On July 8, White House Press Secretary Jen Psaki clarified Biden’s plan. She said that the door-to-door vaccine volunteers are “local, trusted messengers: doctors, faith leaders, community leaders.” The volunteers are there to provide information about the vaccines’ benefits and where people can get vaccinated.

Republican Georgia Representative Marjorie Taylor Greene told a group in Dothan, Alabama that southerners might shoot door-to-door vaccination volunteers associated with the Biden Administration. In this photo, Greene speaks during a news conference in her Washington D.C. office next to a poster oshowing the director of the U.S. National Institute of Allergy and Infectious Diseases Anthony Fauci on July 20, 2021.
Alex Wong/Getty

“They are not members of the government,” Psaki said. “They are not federal government employees. They are volunteers. They are clergy. They are trusted voices in communities who are playing this role and door knocking.”

Psaki also later clarified that the federal government has no list of who is vaccinated and who isn’t.

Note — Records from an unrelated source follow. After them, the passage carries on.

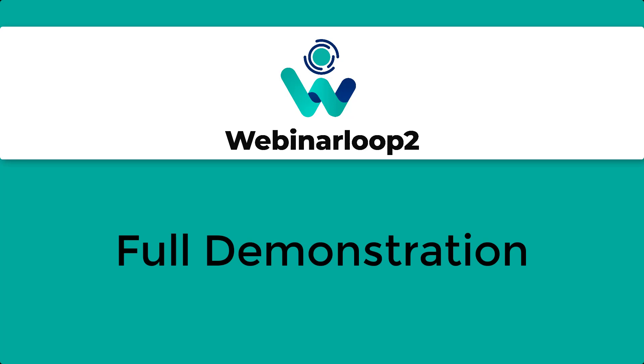Hi everyone! In this video, I'll be showing you a full demo video of Webinar Loop 2. Let's begin!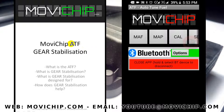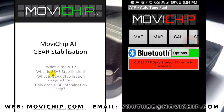Welcome to another Movichip video. In this video we're looking at the Movichip ATF product and specifically its gear stabilization function. We'll go through a quick overview of the ATF: what is it, what is gear stabilization, what is it designed for, and how does it help.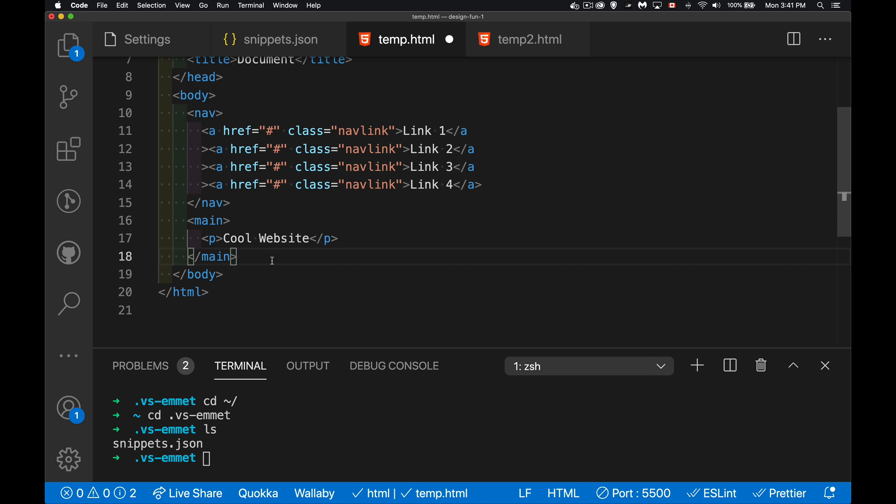All right, so like I said, the snippets JSON linked to down in the description to the code gist. I've got another video that I did before on Emmet. The link to that is down in the description as well. Hopefully you'll have some fun working that out and adding some snippets and making yourself a lot more efficient with writing your code. If you have any questions, feel free to leave those in the comments down below. I answer as many as I have time for, and as always, thanks for watching.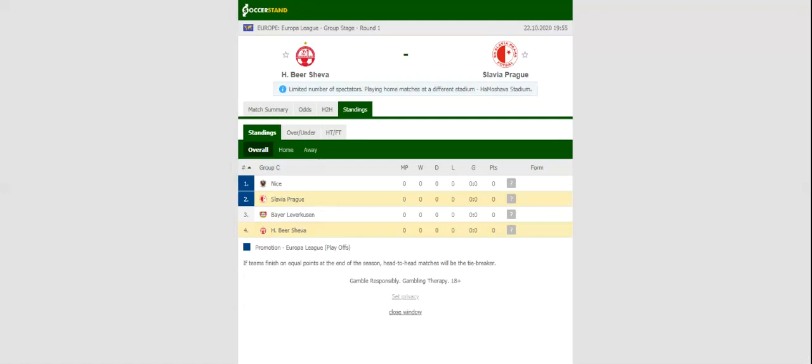Hamoshava Stadium in Petah Tikva will host the Europa League game between Hapoel Beersheva and Slavia Prague. The Israelis have been impressive in the Europa League this term, with the team beating the likes of Lachi, Motherwell, and Puzan to make it to the group stages.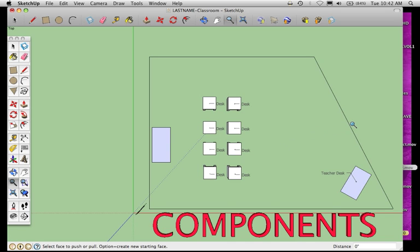Welcome to this next Google SketchUp screencast. I'm going to show you how to add components. Up until now we've been building shapes manually, making things 3D. Google has a 3D warehouse where people have created objects that you can bring into your design.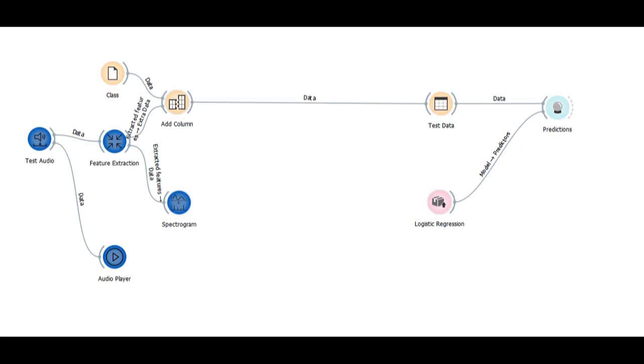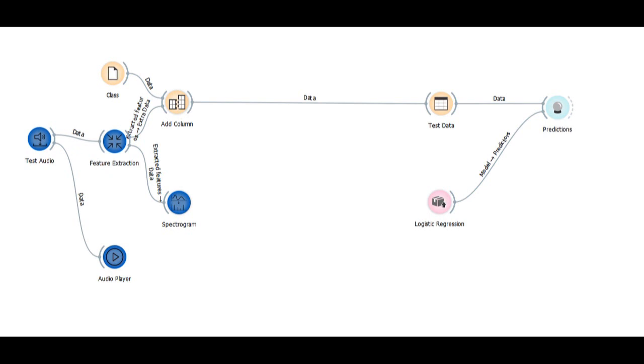Hi guys, welcome to the session. Today we'll be solving a classification problem. So far we know how to create a model and train a model. We have already solved a text classification problem using Orange and an image classification problem using Orange where we classified chest x-ray images. Now let's see how we can solve an audio classification problem using Orange.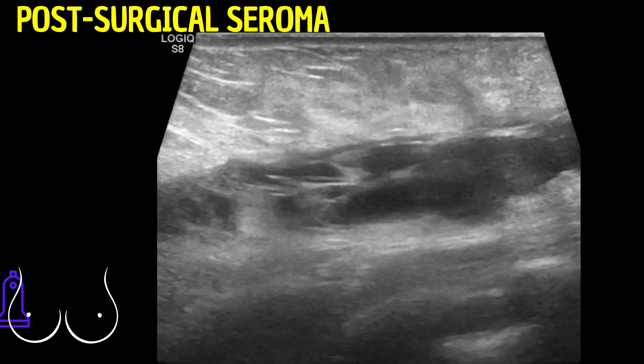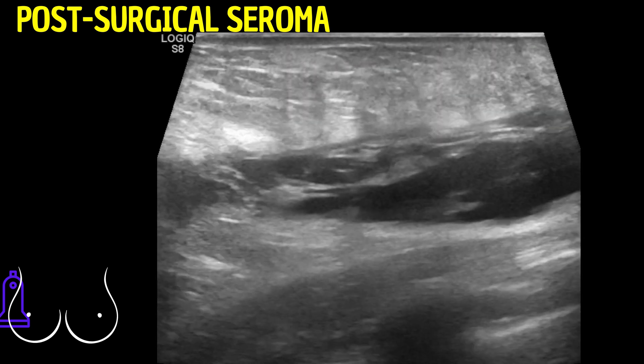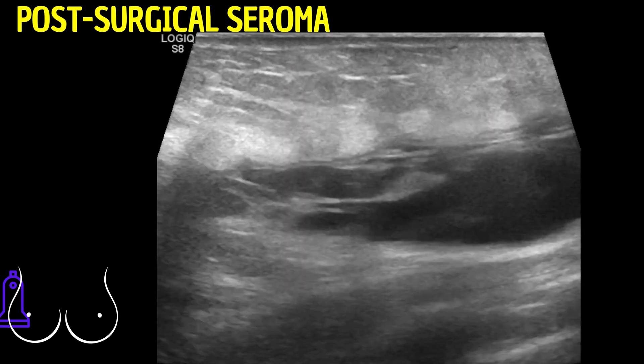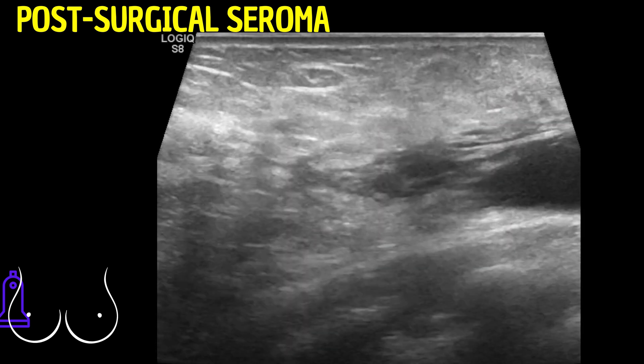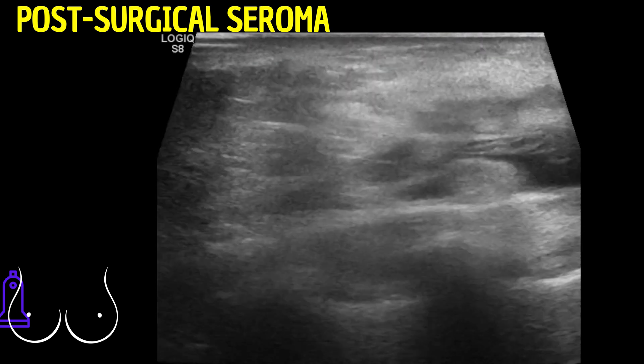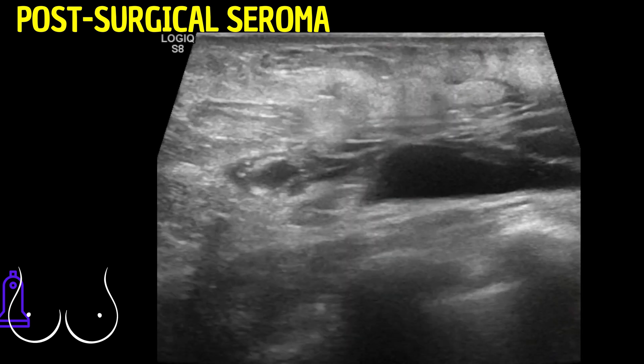In this ultrasound video, we observe a seroma, a complication following a mastectomy with implant placement.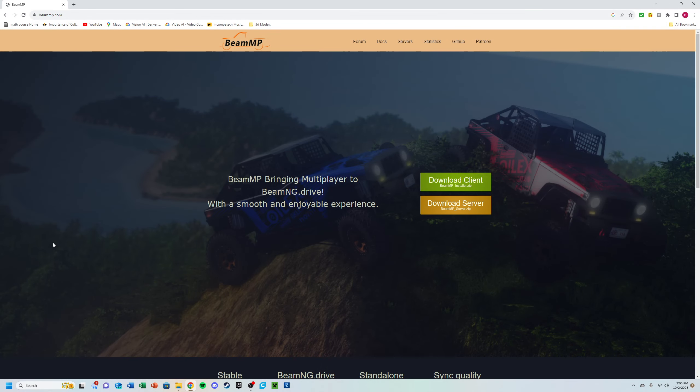Welcome back everybody to another simple tutorial. In this one, we're going to be going over BeamMP, which is a multiplayer mod for BeamNG. If you haven't played that game, I'd highly suggest it if you're into automotive and real physics - it's a terrific game. They've come out with a really cool multiplayer mod for this game.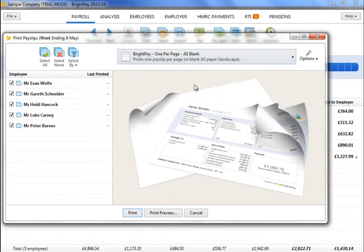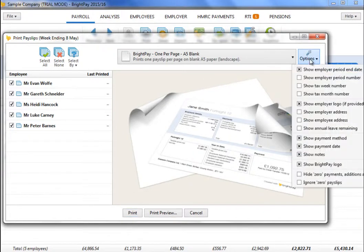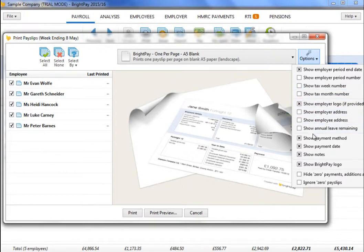To further customise your payslips before printing, click the Options button on the right-hand side. This facility allows you to add or remove certain information on the payslip — for example, add a company logo or remove the payment method details.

She clarified this after Health and Human Services Secretary Xavier Becerra said on July 8 that it’s the government’s business to know who has been vaccinated. Becerra also said that it’s legal to knock on doors.

During her speech in Alabama, Greene also blamed Dr. Anthony Fauci, the head of the National Institute of Allergy and Infectious Diseases (NIAID), for funding “gain of function” experiments at the Wuhan Institute of Virology (WIV). The U.S. has been investigating whether an accident at the WIV may have led to the COVID-19 outbreak.

While Fauci has said that the NIAID has never funded gain-of-function research, he has also admitted under Senate questioning that he can’t know for certain how the WIV lab used the NIAID’s previous financial aid.

Newsweek contacted Greene’s office for comment.